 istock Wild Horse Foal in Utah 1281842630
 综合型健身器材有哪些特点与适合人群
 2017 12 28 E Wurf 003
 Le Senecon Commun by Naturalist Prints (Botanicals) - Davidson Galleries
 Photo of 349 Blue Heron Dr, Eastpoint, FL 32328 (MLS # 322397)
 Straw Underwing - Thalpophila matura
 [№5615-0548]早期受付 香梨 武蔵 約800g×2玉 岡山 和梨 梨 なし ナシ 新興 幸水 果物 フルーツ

────────────────────────────────────────

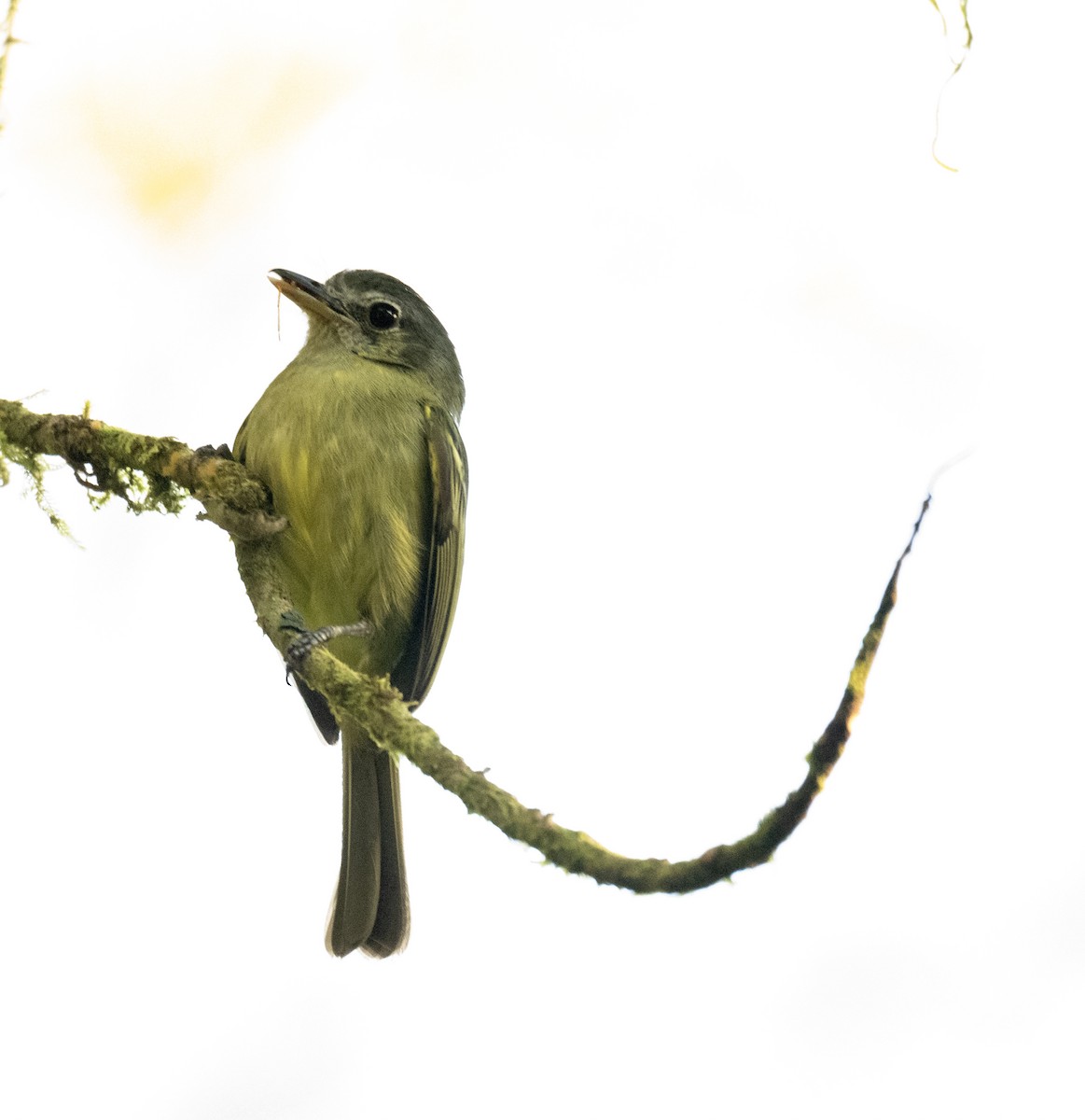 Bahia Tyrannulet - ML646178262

────────────────────────────────────────

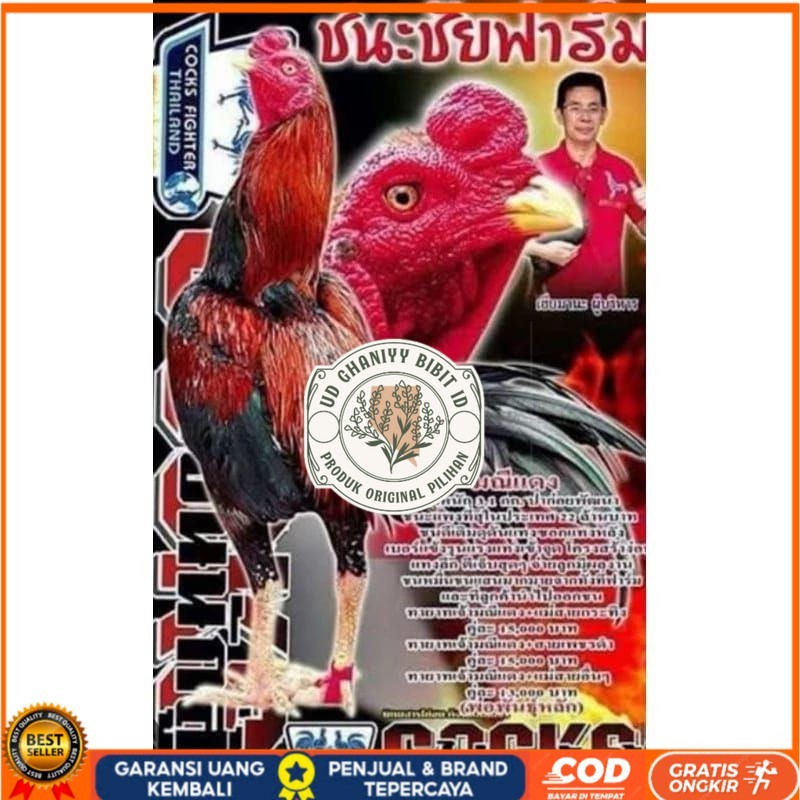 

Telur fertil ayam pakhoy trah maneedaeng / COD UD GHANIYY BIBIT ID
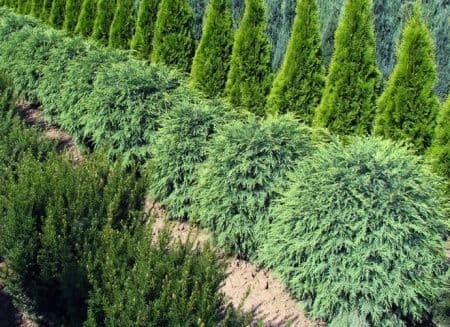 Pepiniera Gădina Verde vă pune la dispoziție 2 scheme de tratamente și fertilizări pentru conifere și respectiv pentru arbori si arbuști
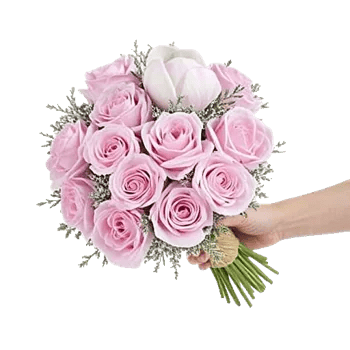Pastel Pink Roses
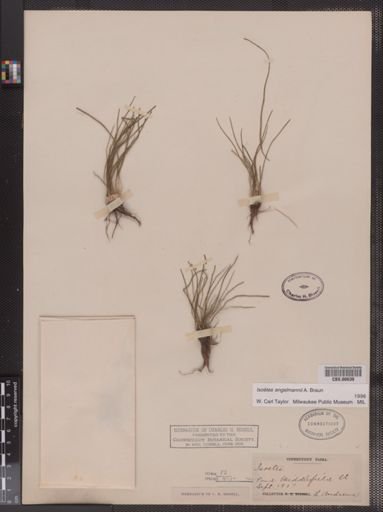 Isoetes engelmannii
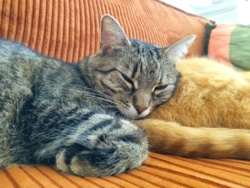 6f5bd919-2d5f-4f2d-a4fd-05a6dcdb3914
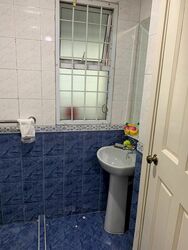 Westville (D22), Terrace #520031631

────────────────────────────────────────

▶ _Exercise goal_: Scan the entries above for the line containing "2017 12 28 E Wurf 003", and copy it and all lines after it exactly, down to and including the line containing "[№5615-0548]早期受付 香梨 武蔵".

▶ _Your solution_:
 2017 12 28 E Wurf 003
 Le Senecon Commun by Naturalist Prints (Botanicals) - Davidson Galleries
 Photo of 349 Blue Heron Dr, Eastpoint, FL 32328 (MLS # 322397)
 Straw Underwing - Thalpophila matura
 [№5615-0548]早期受付 香梨 武蔵 約800g×2玉 岡山 和梨 梨 なし ナシ 新興 幸水 果物 フルーツ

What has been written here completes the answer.